Instructions for the task - Take the entries below and reproduce exactly the portion that begins at the line containing "Delicious Lentil Curry: An" and ends at the line containing "26 Inches Synthetic", keeping both ends, dropping pictures, and adding nothing else.

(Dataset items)
--------------------

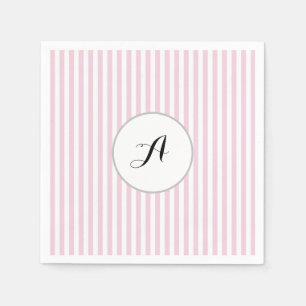 Serviette En Papier Monogramme personnalisé rayure rose Parisan
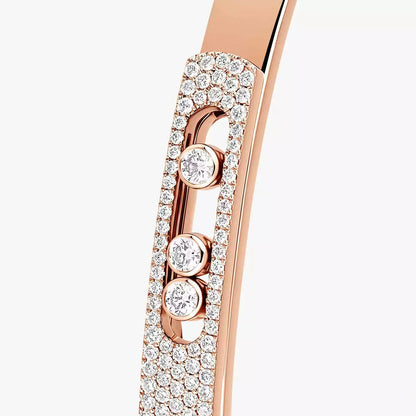 [⭐Aura ]Move Noa Rose Gold Pavé Diamond Bangle Bracelet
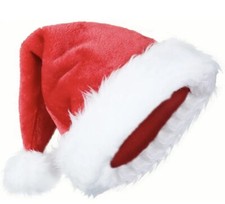 Santa Hat Christmas Costume Decoration Adult Unisex One Size Soft Velvet 1PC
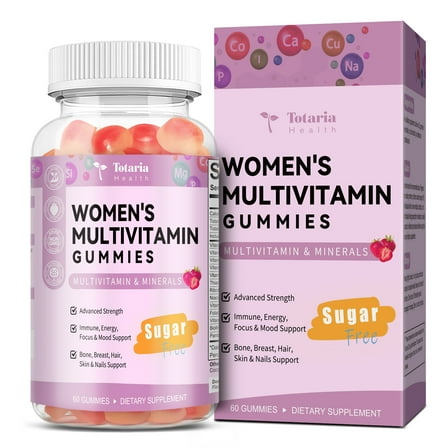 Totaria Sugar-Free Multivitamin Gummies for Women w/Inositol, Support Hair, Skin, Energy, Immune, 60 Gummies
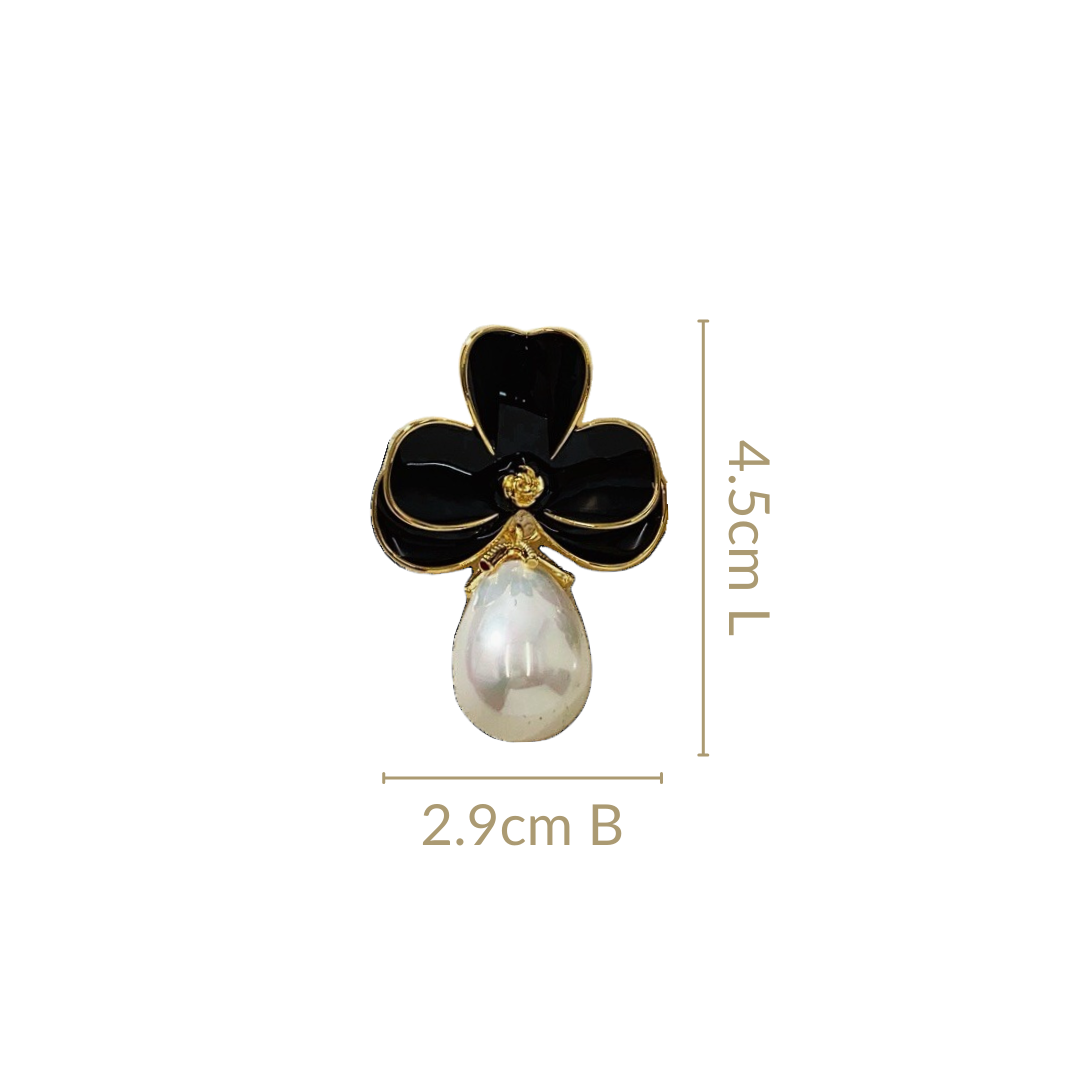 Black Pearl Drop Earrings Nestasia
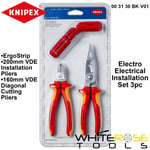 Knipex VDE Electrical Installation Set 3pc ErgoStrip Diagonal Cutters Pliers
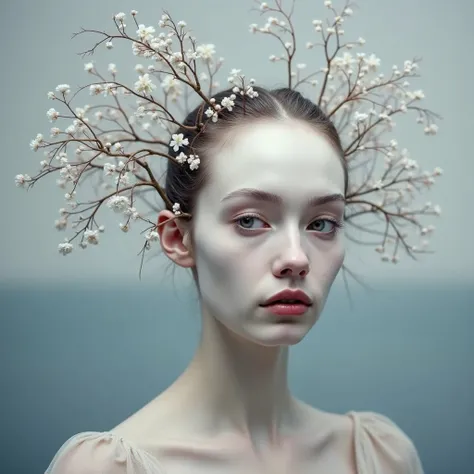  creates a photograph imitating Salvador Dalí-style surrealist painting of a woman with a winter theme, subtle colors, minimalist, Outfits, A painting of an Albina woman with a white face and branch ornaments on her head.  buttocks 4k resolution,  ultra re...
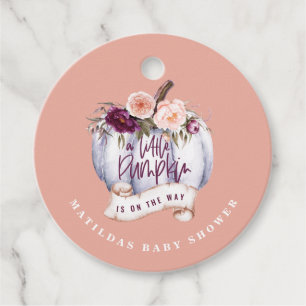 A little pumpkin fall baby shower party favor tags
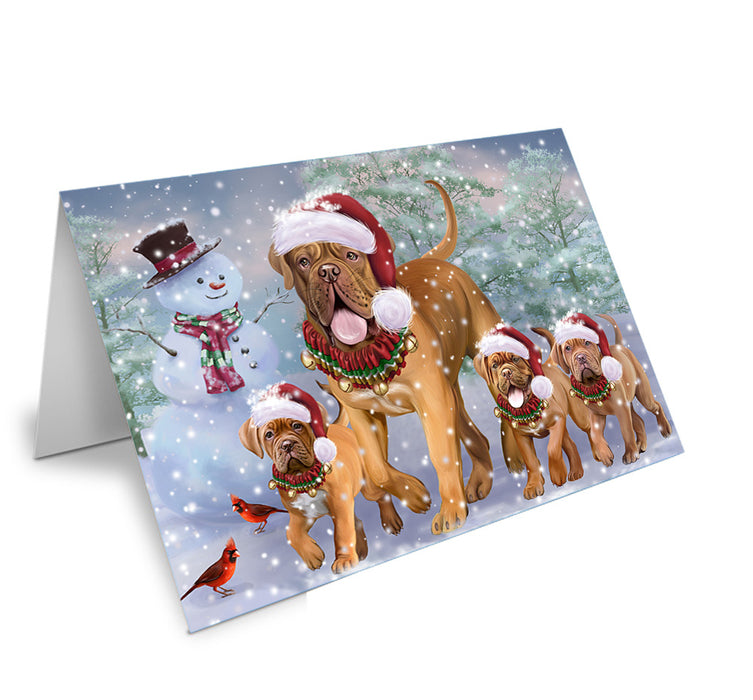 Christmas Running Family Dog De Bordeaux Dogs Handmade Artwork Assorted Pets Greeting Cards and Note Cards with Envelopes for All Occasions and Holiday Seasons GCD75317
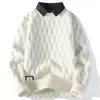Camisa de moda transfronteriza 2024 otoño e invierno, cuello de camisa, estilo de dos piezas falsas, tendencia cálida, holgada, suéter pullover primavera y otoño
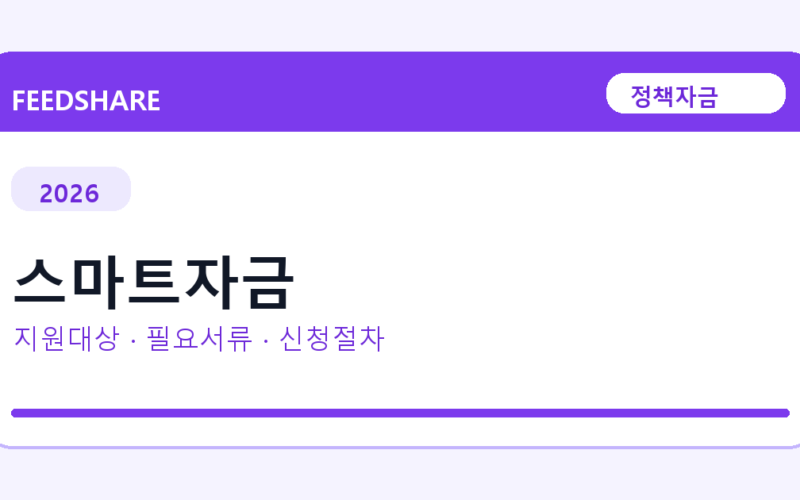 2026 스마트자금 지원대상 확인｜사업자 조건·필요서류·절차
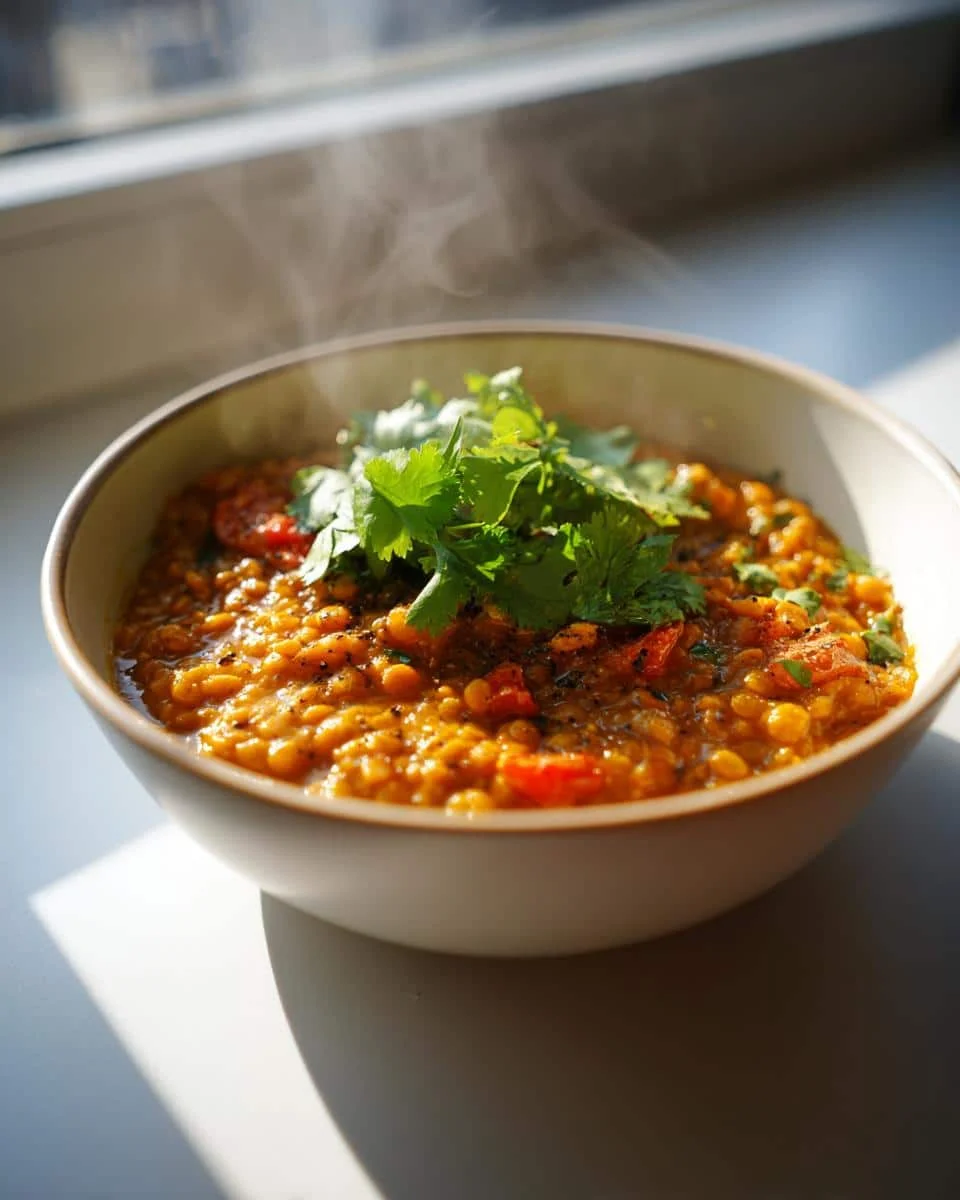 Delicious Lentil Curry: An Incredibly Easy Recipe 6 A bowl of steaming lentil curry, garnished with fresh cilantro, sits in a beam of sunlight.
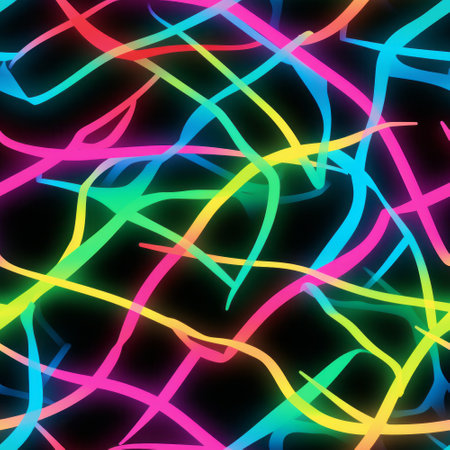 Seamless abstract pattern with neon lines on a black background.の素材
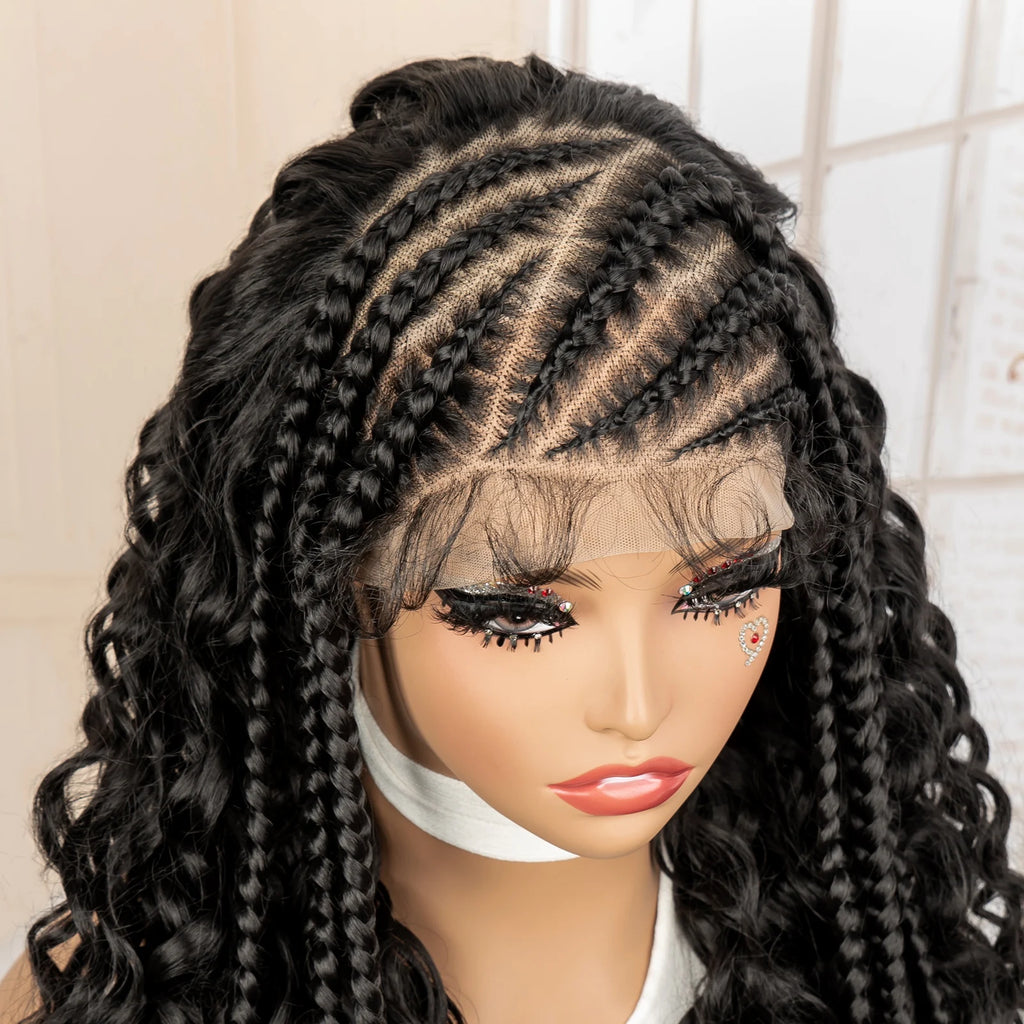 26 Inches Synthetic Cornrow Braided Wig 13x6 Lace Frontal Curly Braiding Wig African Braids Hair Wigs for Black Women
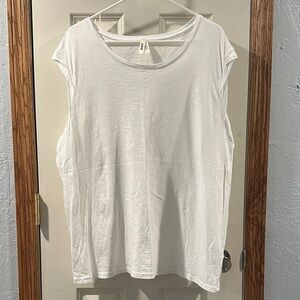 Pact Organic White Burnout Muscle Tee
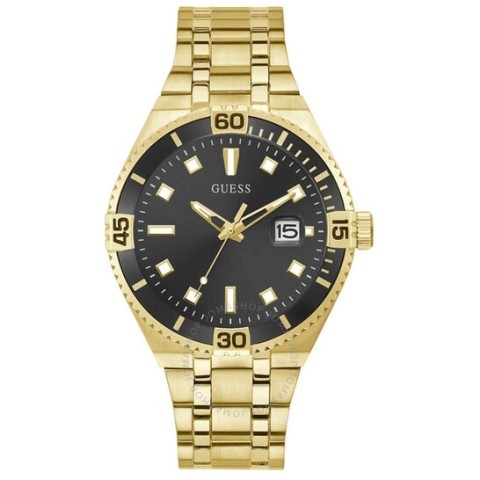 Montre gold tone black dial guess no acc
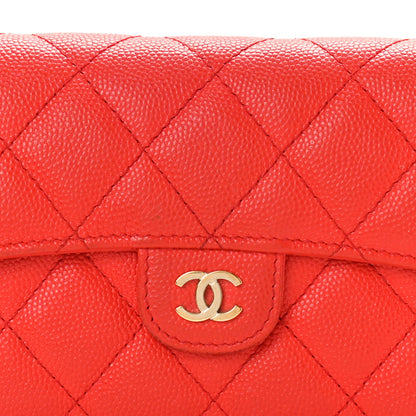 Chanel Caviar Quilted Medium Flap Wallet Red 8 of 15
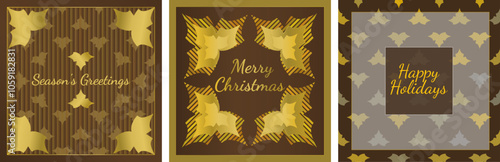 Brown and Gold abstract nature-inspired christmas card concept design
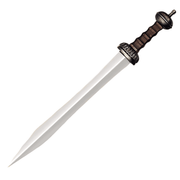 Roman gladius sword replica with black leather-wrapped scabbard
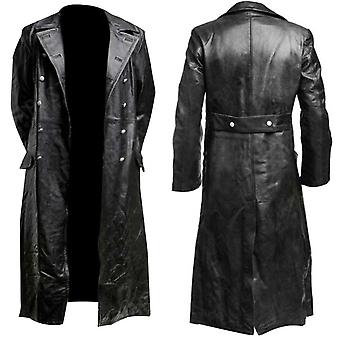 Officer Coat – Black RSH LeatherCraft Men's German WWII Classic Officer Black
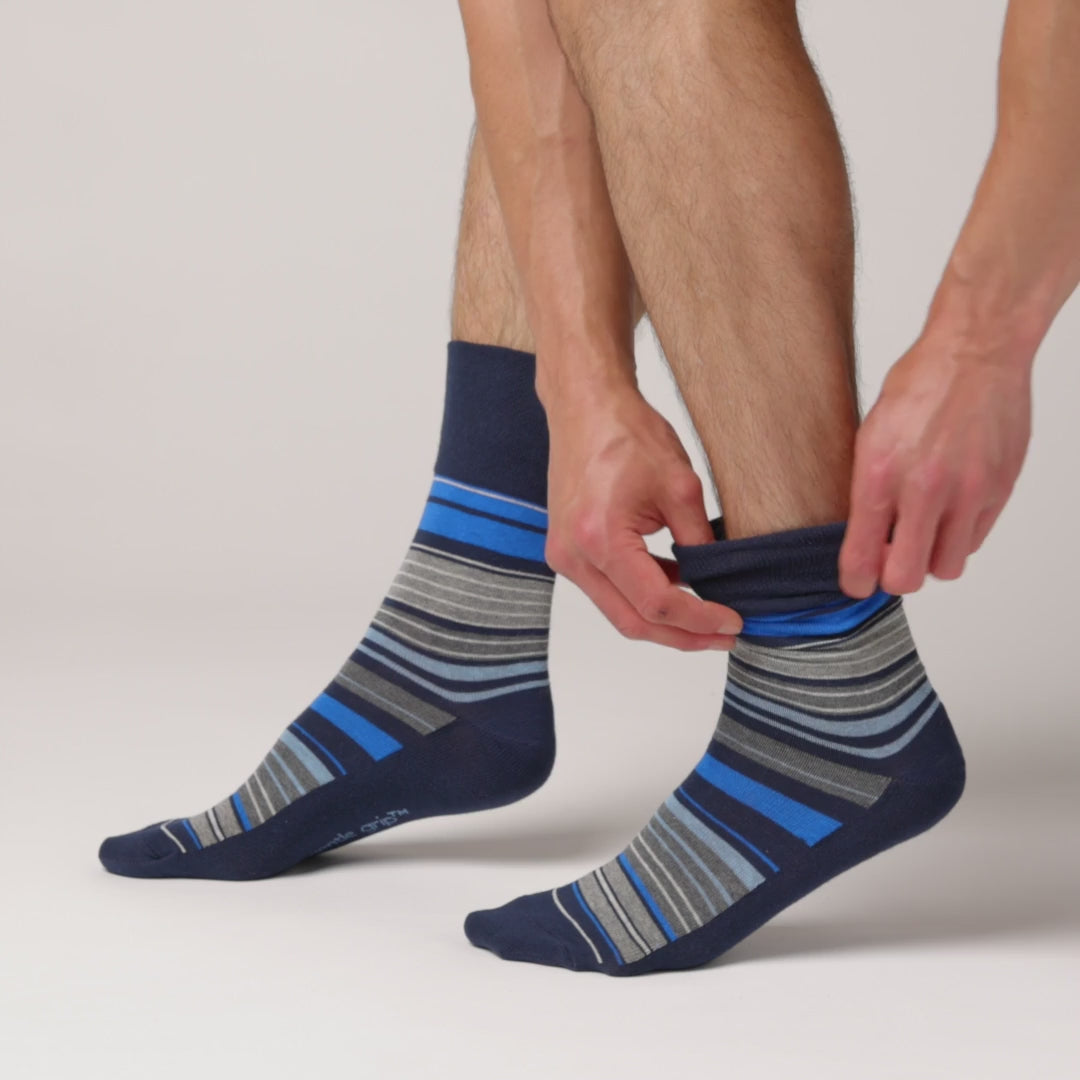 6 Pairs Men's Cotton Socks - Navy Stripe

--------------------

Task answer -
 Delicious Lentil Curry: An Incredibly Easy Recipe 6 A bowl of steaming lentil curry, garnished with fresh cilantro, sits in a beam of sunlight.
 Seamless abstract pattern with neon lines on a black background.の素材
 26 Inches Synthetic Cornrow Braided Wig 13x6 Lace Frontal Curly Braiding Wig African Braids Hair Wigs for Black Women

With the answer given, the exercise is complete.